Labels draped with names of other trendy, rare grape varieties get all the hype now. Yet let’s not forget: Cabernet Sauvignon is the world’s most planted wine grape and still a popular drink the world over.
It’s no longer the preserve of France, its original heartland. Since the 1960s Cabernet vines have been travelling from the Old to the New World, spreading southward through Italy into Sicily and taking root in the whole of the Mediterranean including Malta.
After all, the dark-skinned grape variety is very adaptable to a number of soils and climates. It always remains true to itself. But, of course, the wines will express different regional styles depending on the climate, land and winemaker’s hand.
So far Maltese Cabernet Sauvignon hasn’t been in the limelight as much as local Syrah and Merlot. However, it too has prospered here since the late 1990s.
Having had the chance to showcase some of Malta’s finest bottles overseas, I realise how appreciative we ought to be of our Cabernet.
While good Maltese Cabernet Sauvignon isn’t a slavish copy of claret, believe it or not, the French sing its praises. They seem to have a particular liking for Malta’s own version of what they call their restrained Bordeaux style.
In fact, Malta’s wines are surprisingly very unlike the baggy cut of extravagant Cabernet prevailing in other warm regions.
Malta’s award-winning Grand Vin de Hauteville Cabernet Sauvignon by Delicata, which apropos sells at the wine centre La Cité du Vin in Bordeaux, is a textbook example.
This barrique-aged Maltese mono-varietal has a fine nose and fresh blackcurrant fruit on the palate, which is the variety’s universal hallmark. Its classic leafiness is supported by smooth tannins and a long yet subtle and nuanced finish.
The key to its likeability is that it’s made in a delicate way that links the variety to its origin and past.
The Delicata winery also crafts a 100% Cabernet Sauvignon made from grapes grown in calcareous soils of Gozo but this red, sold in the Victoria Heights selection, is unoaked. It tastes pleasantly upfront and sappy, impressing the palate with cassis flavours.
When a wine like this one hasn’t been softened by leaving it to mature in oak casks, it has a nice stone crunchiness to it.
Routinely, Cabernet Sauvignon is found in blends together with Merlot, Cabernet Franc and sometimes some Petit Verdot. Likewise, winemakers love to team it up in the Australian winemaking tradition with Shiraz (aka Syrah).

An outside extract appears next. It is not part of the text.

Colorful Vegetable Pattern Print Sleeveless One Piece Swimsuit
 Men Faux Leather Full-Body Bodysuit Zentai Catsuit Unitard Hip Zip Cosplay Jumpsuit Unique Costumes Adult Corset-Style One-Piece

In Malta, also behind Delicata’s Grand Vin de Hauteville label, you can find a lovely dark-purpled Cabernet Sauvignon and Shiraz blend. Both grapes, grown under the hot Maltese sun, combine their different virtues into a wine that is greater than the sum of its parts. The spicier and fleshier Shiraz fills out the middle palate and the oak-aged finished wine is heftier and slightly smoky.
At around 12 to 13 percent alcoholic strength, these three Maltese wines are the kind of reds you finish without trouble.
Wine has its changing fashions just like the catwalk, but I think that good old Cabernet Sauvignon, on its own or in a blend, will soon be boomeranging into vogue (again).